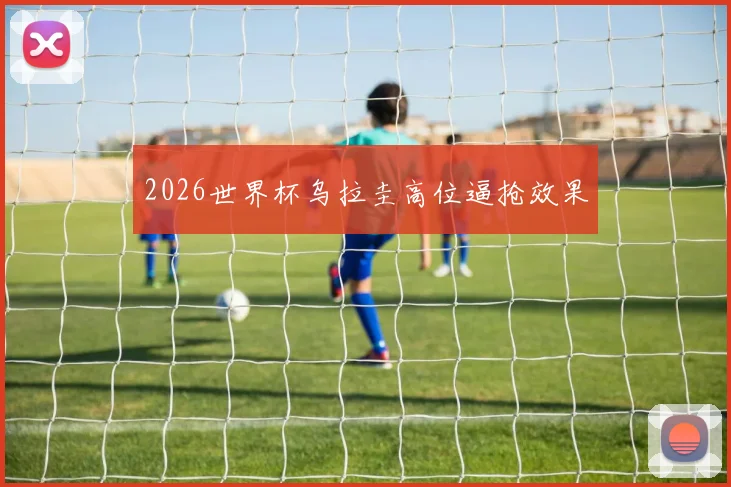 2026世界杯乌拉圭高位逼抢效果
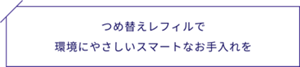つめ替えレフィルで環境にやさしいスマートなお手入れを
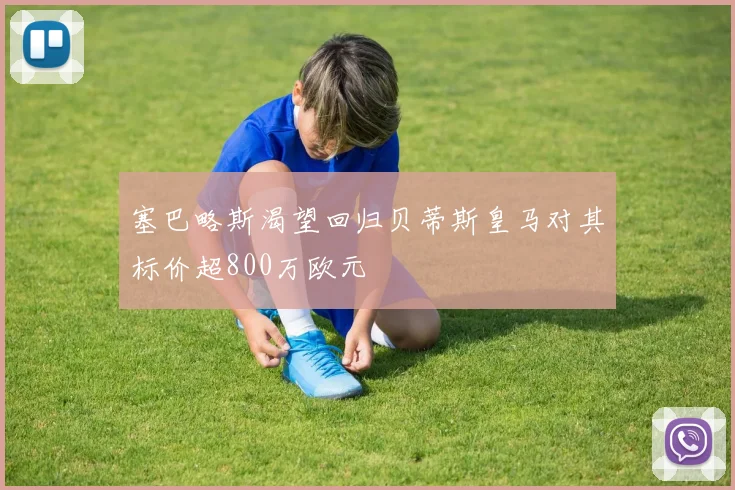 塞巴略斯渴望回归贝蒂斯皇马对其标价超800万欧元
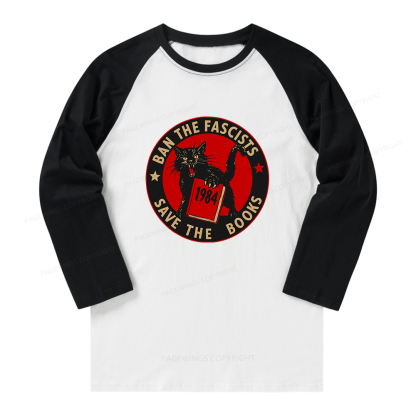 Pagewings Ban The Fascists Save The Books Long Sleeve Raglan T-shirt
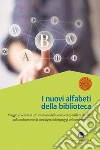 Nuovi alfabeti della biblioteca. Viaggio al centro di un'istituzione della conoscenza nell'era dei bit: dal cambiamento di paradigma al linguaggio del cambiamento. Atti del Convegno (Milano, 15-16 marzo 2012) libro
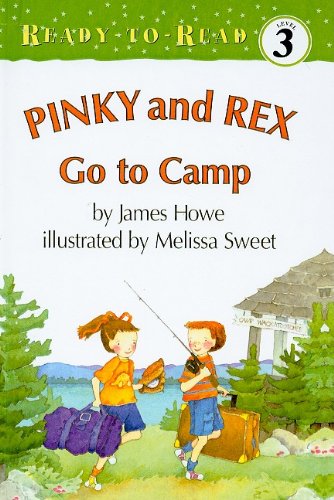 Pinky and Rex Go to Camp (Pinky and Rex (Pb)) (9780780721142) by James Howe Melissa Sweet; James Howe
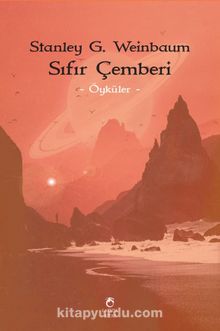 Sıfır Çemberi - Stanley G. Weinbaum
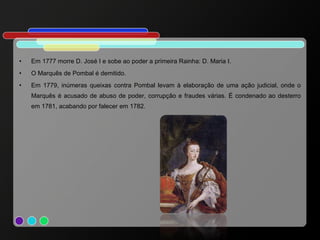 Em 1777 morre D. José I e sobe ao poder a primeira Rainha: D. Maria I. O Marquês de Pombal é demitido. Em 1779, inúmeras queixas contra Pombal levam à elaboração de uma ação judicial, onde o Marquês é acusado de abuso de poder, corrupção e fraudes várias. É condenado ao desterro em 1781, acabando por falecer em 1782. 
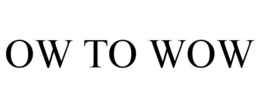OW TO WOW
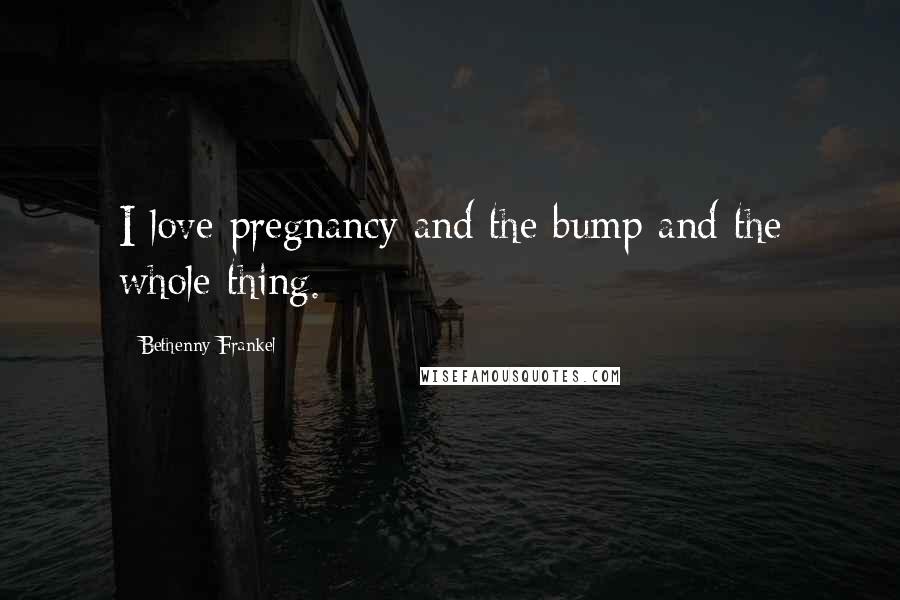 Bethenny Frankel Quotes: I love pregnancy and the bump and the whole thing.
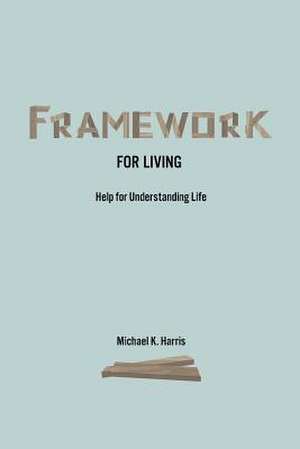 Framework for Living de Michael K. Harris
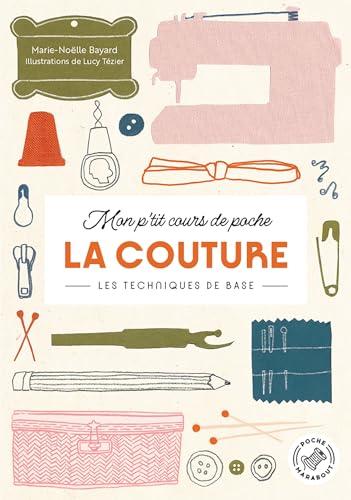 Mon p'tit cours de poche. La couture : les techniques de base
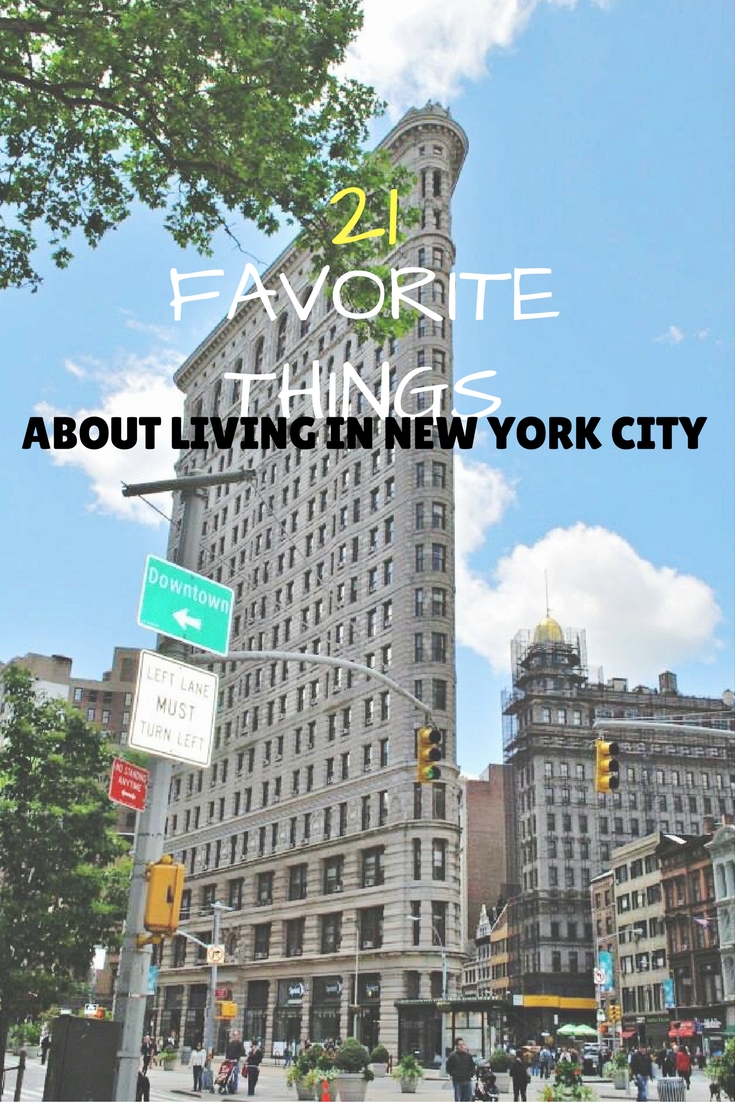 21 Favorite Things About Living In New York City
===
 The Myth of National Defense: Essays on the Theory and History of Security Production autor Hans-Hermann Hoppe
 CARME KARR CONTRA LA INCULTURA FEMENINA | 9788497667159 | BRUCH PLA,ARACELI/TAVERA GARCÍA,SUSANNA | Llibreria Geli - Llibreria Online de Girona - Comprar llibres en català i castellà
===
# [Action item]
Start with the line with "Sıfır Çemberi - Stanley G. Weinbaum" in the listing above and stop after the line with "21 Favorite Things". Write out exactly the lines in that stretch and no others, without pictures.

# [Finished exercise]
 Sıfır Çemberi - Stanley G. Weinbaum
 Em 1777 morre D. José I e sobe ao poder a primeira Rainha: D. Maria I. O Marquês de Pombal é demitido. Em 1779, inúmeras queixas contra Pombal levam à elaboração de uma ação judicial, onde o Marquês é acusado de abuso de poder, corrupção e fraudes várias. É condenado ao desterro em 1781, acabando por falecer em 1782. 
OW TO WOW
 Bethenny Frankel Quotes: I love pregnancy and the bump and the whole thing.
 Framework for Living de Michael K. Harris
 Mon p'tit cours de poche. La couture : les techniques de base
 21 Favorite Things About Living In New York City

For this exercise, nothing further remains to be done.